Il pontificato del Papa arrivato dall’altra parte del mondo procede con il vento in poppa ed una frase, rivolta ai sacerdoti appena consacrati, mi ha colpito. “Siate pastori – dice il successore di Pietro – con addosso l’odore delle pecore”. Papa Francesco chiede agli uomini di fede di sapersi profondamente integrare con la gente, la terra, il fardello d’allegria e speranza, dolore e sconforto che accompagna la vita quotidiana. E’ una fatica faticosa è talvolta sgradevole ché l’odore delle pecore non è proprio simile a quello dello Chanel numero 5.
Le pecore puzzano, sono rumorose ed esigenti, si ammalano e tendono a smarrirsi; proprio come gli esseri umani. Ma poi restituiscono con generosità gli sforzi profusi: lana per vestirsi, latte e formaggi per sostenersi, terreni ordinati; e non sempre gli umani sono così riconoscenti.
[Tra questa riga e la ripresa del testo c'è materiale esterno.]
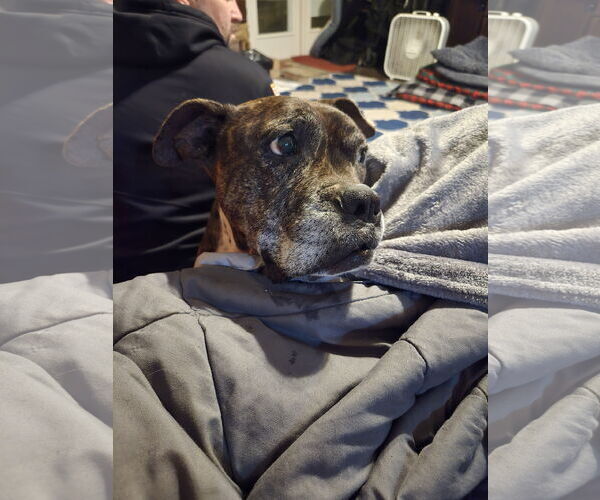 Medium Photo #25 Boxer-Unknown Mix Puppy For Sale in The Woodlands, TX, USA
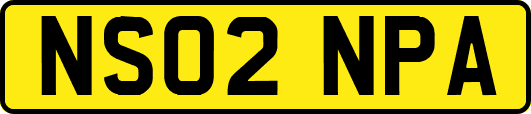 NS02NPA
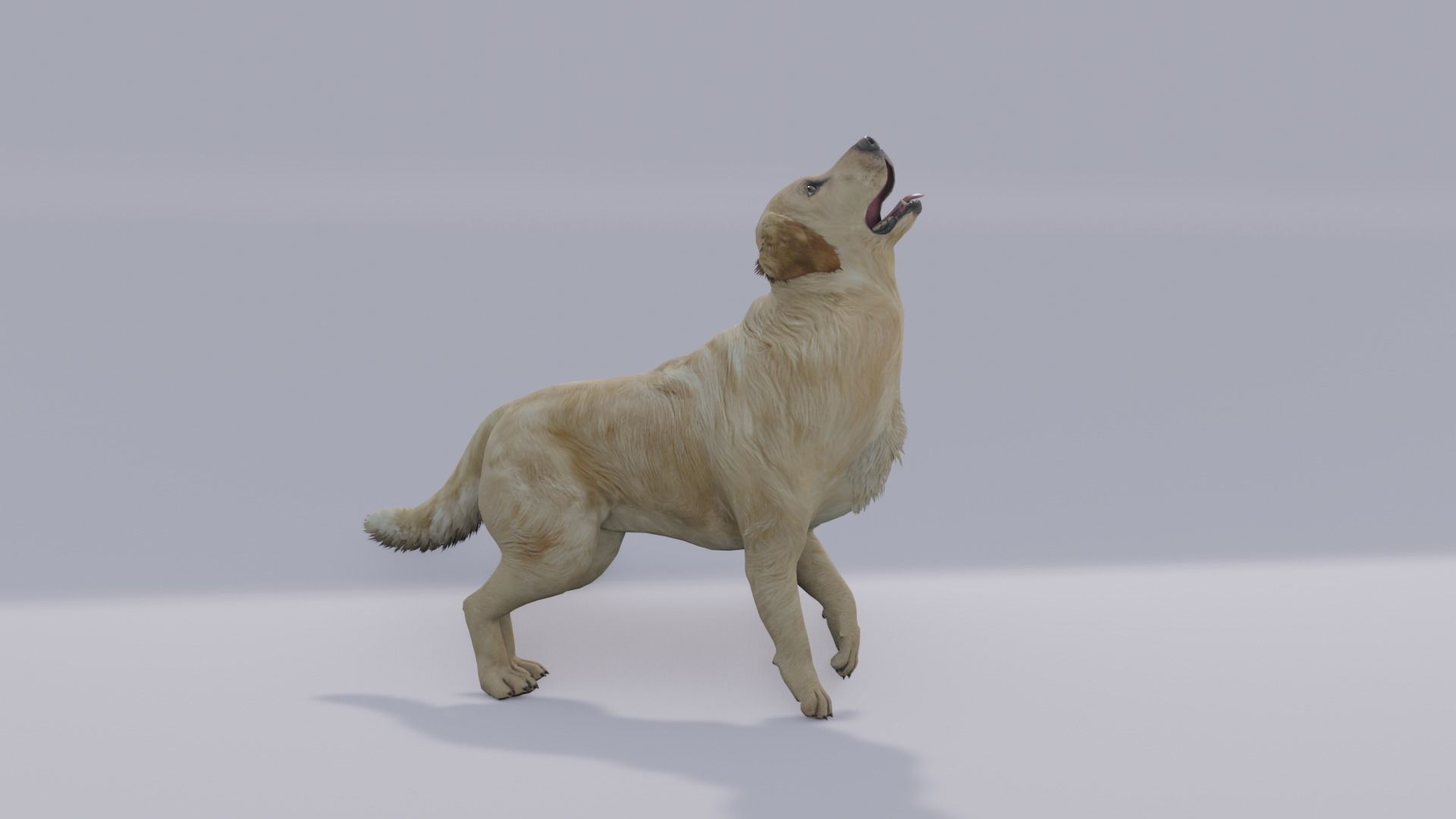 Golden Retriever animated 3D 3D model_2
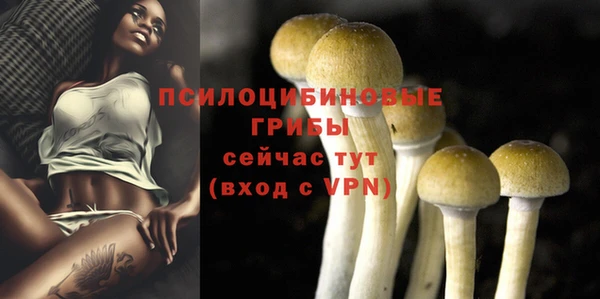 шишки Бронницы
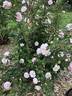 R. spinosissima andrewsii rose photo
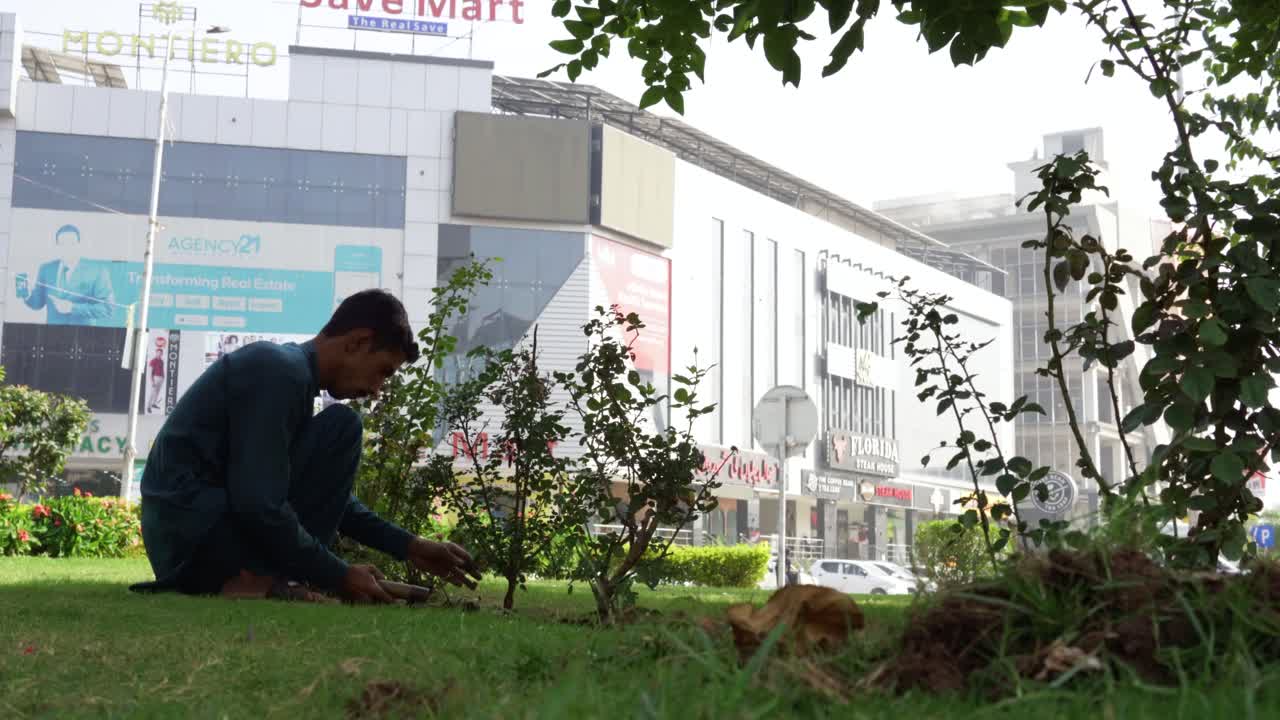 Gardener tending to rose bushes in front of a shopping center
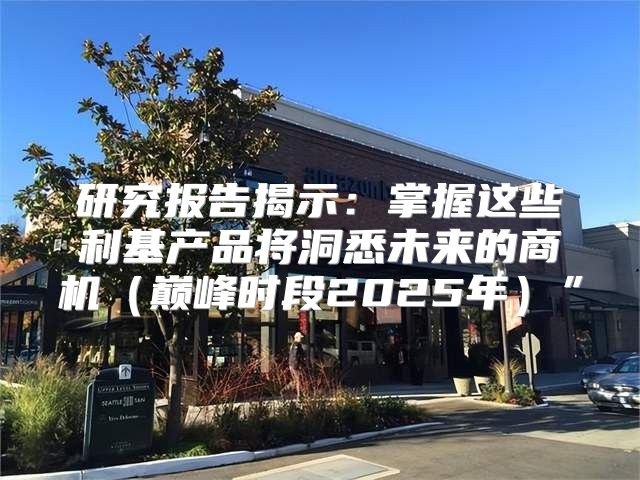 研究报告揭示：掌握这些利基产品将洞悉未来的商机巅峰时段2025年”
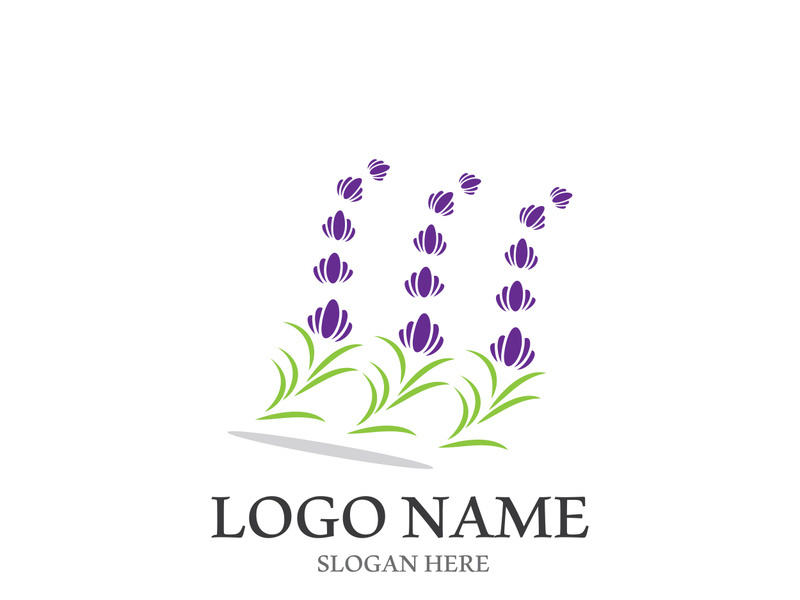 Lavender flower vector icon illustration design template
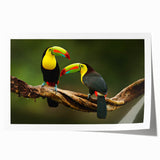 Central American landscape with lush greenery and distant mountains, printed on rolled canvas.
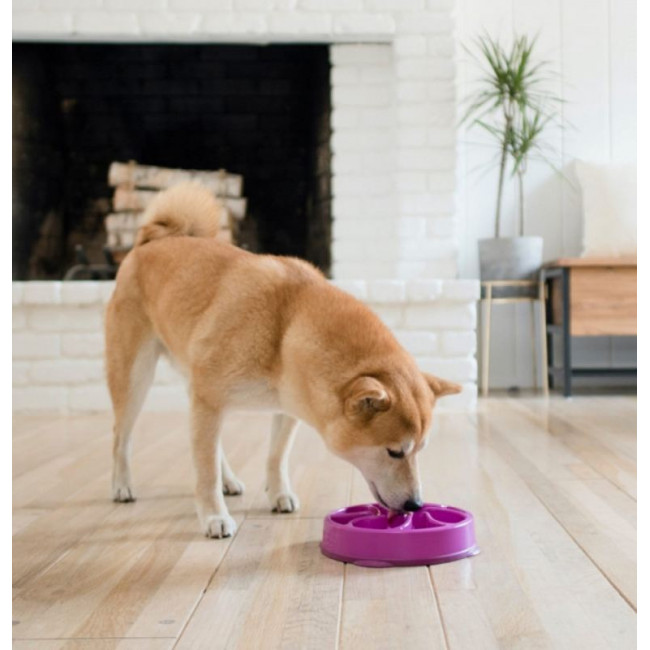 Outward Hound Fun Feeder Drop Outward Hound Fun Feeder Drop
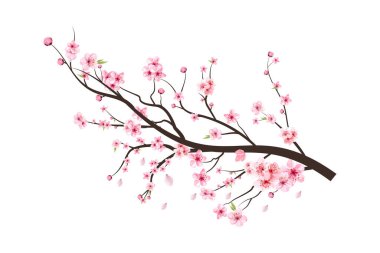 Pembe çiçekli kiraz ağacı dalı. Sakura ile kiraz çiçeği dalı. Suluboya çiçek vektörü. Suluboya kiraz çiçeği. Beyaz arka planda Sakura. Beyaz arkaplanda çiçek.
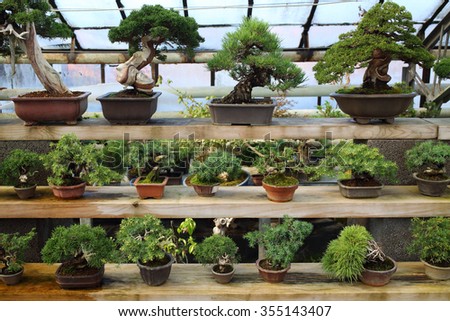 Different kinds of bonsai in pots on the shelves in the greenhouse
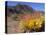 Blooming Barrel Cactus at Anza-Borrego Desert State Park, California, USA-Kymri Wilt-Premier Image Canvas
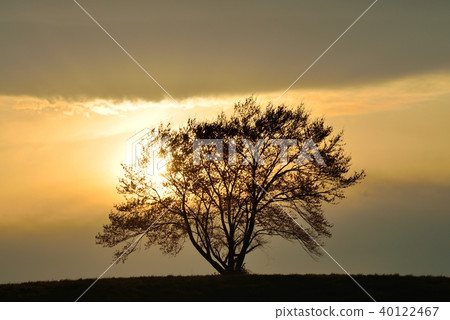 一棵櫻桃樹在夕陽中染色 40122467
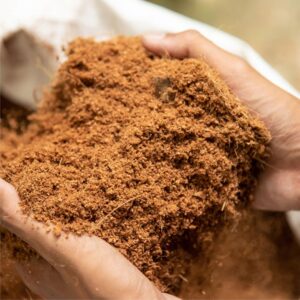 Coco Coir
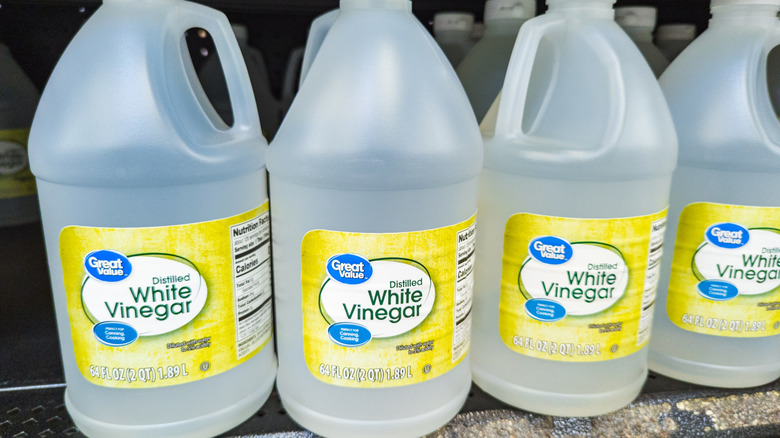 Big plastic bottles of white vinegar on the shelf of a grocery store.
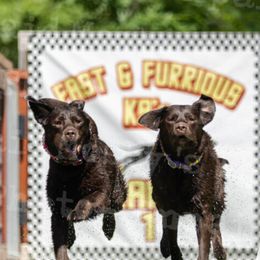 Labrador Retriever Puppies from Rose Gold Retrievers
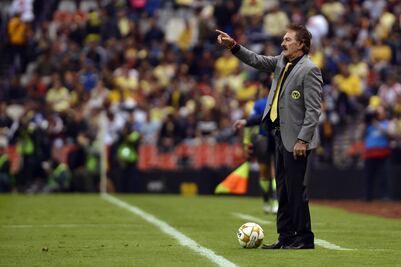 "Es un halago que en Ecuador tengan interés en mi": La Volpe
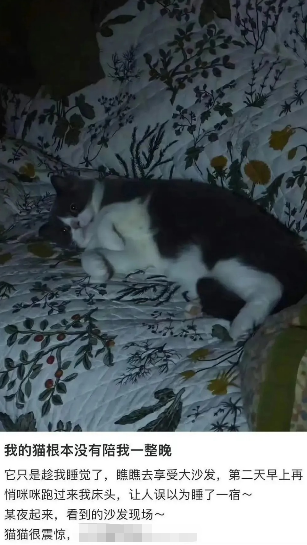 猫有猫的猫生要过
Credo che dobbiamo far tesoro delle parole del Papa. Il futuro dell’umanità passa attraverso la riscoperta di una profonda simbiosi con la natura, una solida interazione con le radici nel passato ma lo sguardo tecnologicamente rivolto al futuro.
E soprattutto senza timori di lasciarsi addosso l’odore sgradevole forse, ma benedetto,che deriva dal lavoro. Non c’è da vergognarsi di questo olfatto distintivo. Non deve vergognarsi chi suda di lavoro, si sporca le mani di terra, progetta e vende servizi e prodotti per semplificare la vita delle persone. Debbono vergognarsi gli speculatori della finanza creativa che con asettici computer spostano miliardi e decidono – per il loro profitto – il futuro del pianeta.